Note that JOIN ON and WHERE are similar. All three of the following queries produce the same correct result

SELECT *
FROM facebook
JOIN linkedin
ON facebook.name = linkedin.name;

SELECT *
FROM facebook
JOIN linkedin
WHERE facebook.name = linkedin.name;

SELECT *
FROM facebook, linkedin
WHERE facebook.name = linkedin.name;

LeetCode 512

Game Play Analysis II (Easy) [link]

Using WHERE...IN.

SELECT player_id, device_id
FROM Activity
WHERE (player_id, event_date) IN(
    SELECT player_id, MIN(event_date) AS event_date
    FROM Activity
    GROUP BY player_id
);
# Code below is not correct! We have to include what is used to GROUP BY

# SELECT player_id, device_id
# FROM Activity
# WHERE event_date IN(
#     SELECT MIN(event_date) AS event_date
#     FROM Activity
#     GROUP BY player_id
# );

Using window function

SELECT t.player_id, t.device_id
FROM (
    SELECT *,
        DENSE_RANK() OVER(PARTITION BY player_id ORDER BY event_date) AS rnk
    FROM Activity
) AS t
WHERE rnk = 1;

LeetCode 579

Find Cumulative Salary of an Employee (Hard) [link]

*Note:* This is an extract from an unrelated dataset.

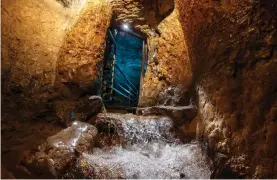  ?? (Eliyahu Yanai) ?? HEZEKIAH’S TUNNEL was used to channel water from the Gihon Spring to the Shiloah Pool.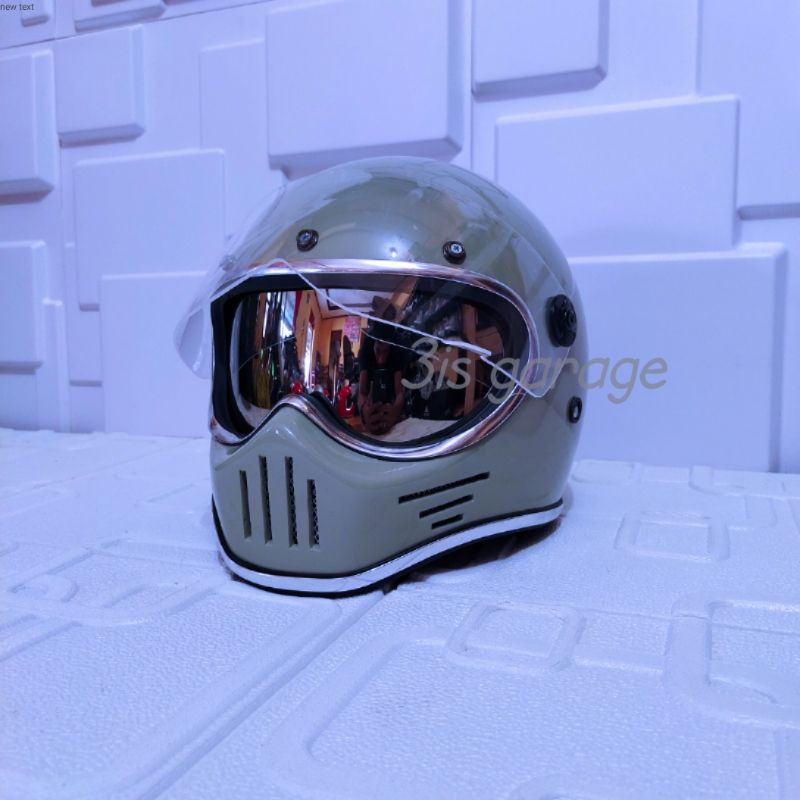 Harga helm retro cafe racer replika griffin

SELECT temp2.Id, temp2.Month, (
    SELECT SUM(e2.Salary) FROM Employee e2
        WHERE e2.Id = temp2.Id AND e2.Month BETWEEN temp2.Month - 2 AND temp2.Month
        ORDER BY e2.Month DESC 
        LIMIT 3
) AS Salary 
FROM (
    SELECT e1.Id, e1.Month, e1.Salary
    FROM Employee e1, (
        SELECT e.Id, MAX(e.Month) AS Month
        FROM Employee e
        GROUP BY e.Id
    ) temp1
    WHERE e1.Id = temp1.Id AND e1.Month < temp1.Month
    ORDER BY e1.Id ASC, e1.Month DESC
) temp2;

This is how to exclude the most recent month

SELECT e1.Id, e1.Month, e1.Salary
FROM Employee e1, (
    SELECT e.Id, MAX(e.Month) AS Month
    FROM Employee e
    GROUP BY e.Id
) temp1
WHERE e1.Id = temp1.Id AND e1.Month < temp1.Month
ORDER BY e1.Id ASC, e1.Month DESC;

Using window function rank() and RANGE 2 PRECEDING (faster).

SELECT id, month, Salary
FROM(
    SELECT id, month,
        SUM(salary) OVER(PARTITION BY id ORDER BY month RANGE 2 PRECEDING) AS Salary,
        rank() OVER(PARTITION BY id ORDER BY month DESC) AS rnk
    FROM Employee
) t
WHERE rnk > 1
ORDER BY id, month DESC;

LeetCode 613

Short Distance in a Line (Easy) [link]

SELECT MIN(t.diff) AS shortest
FROM(
    SELECT ABS(p2.x - p1.x) AS diff
    FROM Point p1
    JOIN Point p2
    ON p1.x != p2.x
) AS t;
SELECT MIN(t.diff) AS shortest
FROM (
    SELECT ABS(p1.x - p2.x) AS diff
    FROM Point p1, Point p2
    WHERE p1.x != p2.x
) t

LeetCode 612

Shortest Distance in a Plane (Medium) [link]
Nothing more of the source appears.